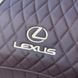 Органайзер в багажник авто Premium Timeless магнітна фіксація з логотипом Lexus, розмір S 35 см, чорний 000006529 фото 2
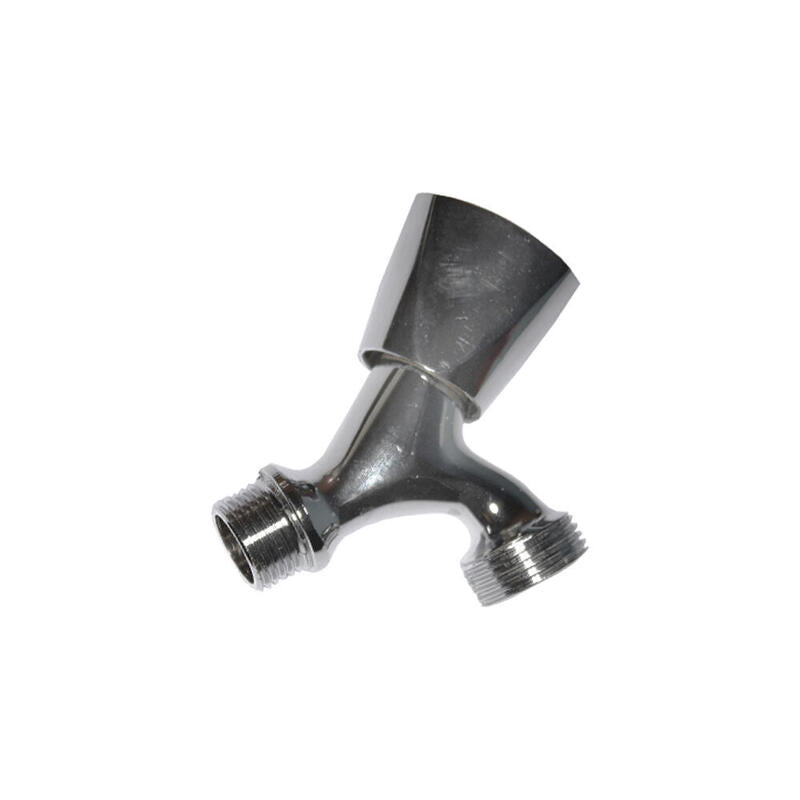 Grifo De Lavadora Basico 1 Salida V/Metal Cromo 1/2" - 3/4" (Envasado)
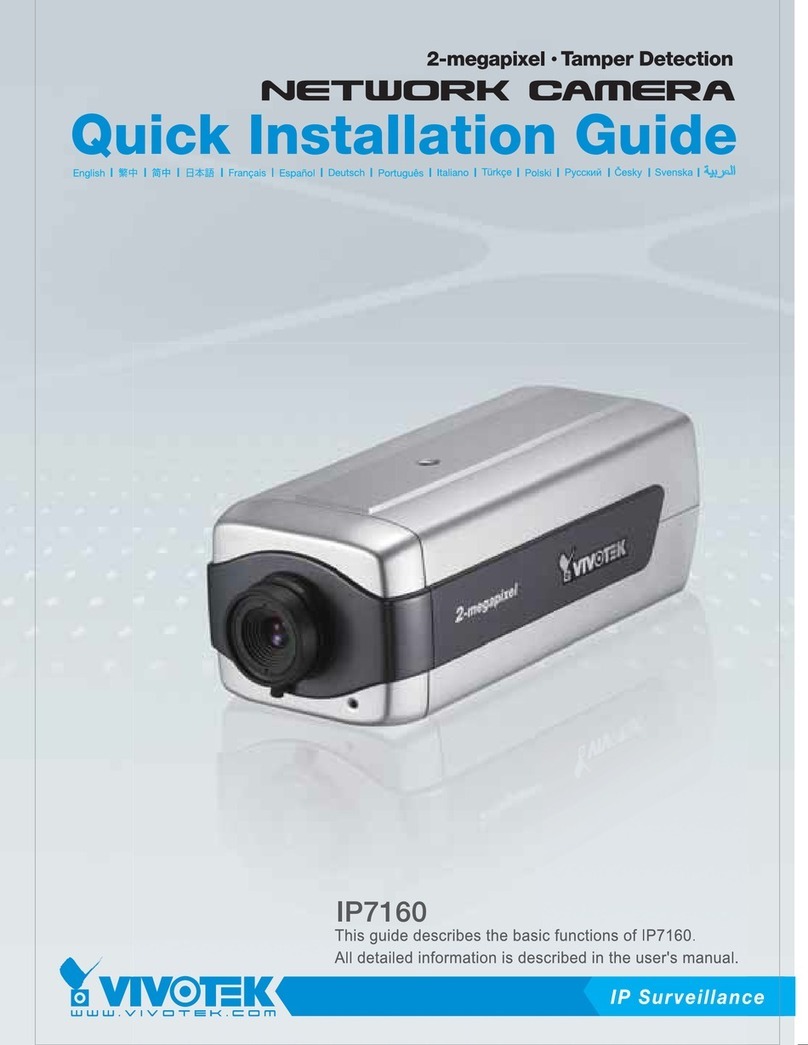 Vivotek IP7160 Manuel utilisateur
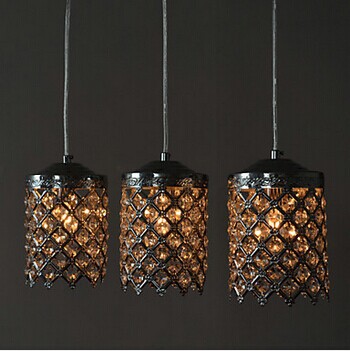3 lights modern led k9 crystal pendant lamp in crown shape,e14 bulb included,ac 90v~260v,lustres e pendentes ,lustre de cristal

_About this exercise_
Without any pictures, please write out the lines from the one containing "Vivotek IP7160 Manuel utilisateur" through the final line of the data, exactly and inclusive of both ends.

_Result of the task_
 Vivotek IP7160 Manuel utilisateur
3 lights modern led k9 crystal pendant lamp in crown shape,e14 bulb included,ac 90v~260v,lustres e pendentes ,lustre de cristal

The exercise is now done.